Black Country, New Road – For The First Time

Publié par le 7 février 2021 dans Chroniques, Notre sélection, Toutes les chroniques

(Ninja Tune, 5 février 2021)

Le dernier groupe que j’ai vu en concert, il y a presque un an, était anglais (Squid). En 2020, j’ai placé 6 groupes britanniques dans mon top 25. Un chiffre anormalement élevé tant j’écoute plutôt outre-Atlantique et worldwide ce qui peut bien exciter mes oreilles curieuses sans négliger, cocorico, les productions hexagonales, nombreuses en qualité ces dernières années.
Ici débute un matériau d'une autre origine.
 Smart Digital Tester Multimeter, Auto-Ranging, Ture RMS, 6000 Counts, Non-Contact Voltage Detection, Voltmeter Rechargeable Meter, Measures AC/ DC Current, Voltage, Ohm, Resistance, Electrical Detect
Mais la perfide Albion fourmille de groupes tout aussi emballants et une nouvelle génération semble même émerger dans un revival (?) post-punk qui ne fait pas que des heureux parmi les chroniqueurs de votre site préféré.
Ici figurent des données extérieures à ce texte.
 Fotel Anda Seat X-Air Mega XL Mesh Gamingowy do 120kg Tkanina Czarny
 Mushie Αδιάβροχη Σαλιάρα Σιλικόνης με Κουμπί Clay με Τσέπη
Vu que je ne suis pas allergique au style (sauf en cas d’overdose de synthés, faut pas déconner non plus), et qu’une fois encore, des rumeurs de next big thing bruissent outre-Manche, me voici à chroniquer ce premier album de Black Country, New Road, sobrement intitulé For The First Time. Groupe formé en 2018, le septuor est présenté comme proche de Squid (qui m’avait bien impressionné en live) et on évoque Slint pour désigner leur terrain de jeu, aussi bien que le post-punk. Grosse curiosité donc autour de ce disque. Avec seulement 6 titres (mais plus de 40 minutes tout de même), le groupe propose des compos longues où la classique formule rock basse-batterie-guitares est agrémentée de claviers et plus surprenant d’un saxophone et d’un violon. D’entrée, la recette fait mouche sur le bien nommé « Instrumental », où un gimmick entêtant au clavier convoque tous les instruments un à un dans un tour de chauffe qui annonce le climax à venir. Même tension sur les premières minutes du surprenant « Athens, France » qui bascule ensuite de manière inattendue dans un post-rock subtil où un spoken-word délicat et le combo violon-saxophone font merveille. Ces petits jeunes ont de la suite dans les idées. Sur « Science Fair », ils jouent parfaitement de la dynamique « montagnes russes » du post-rock. Entre électricité déglinguée, spoken-word dépressif sur rythmique fantôme en guitare clean à la Slint (cité dans les lyrics), tension en crescendo (avec la touche free du saxo !), et une trop courte dernière minute où la rythmique menaçante peut renverser quelques frêles amateurs de post-punk non avertis. Le genre de titre patchwork impressionnant qu’on avait déjà croisé chez Crack Cloud l’an passé. Mais plutôt que du post-punk, le groupe anglais lorgne bien plus du côté des codes et dynamiques du post-rock. Construire un titre à partir d’un riff répétitif. Ajouter un spoken-word. Incorporer une bonne dose de subtilité (voix féminine et duo saxo-violon) et on obtient une bonne recette pour « Track X ». Il y a aussi la version furieuse sur le final « Opus », titre assez dément qu’on rêve de voir sur scène ASAP. Pour situer : le lièvre et la tortue vs Slint vs une fanfare sous speed. WTF. Déjà un des titres de l’année.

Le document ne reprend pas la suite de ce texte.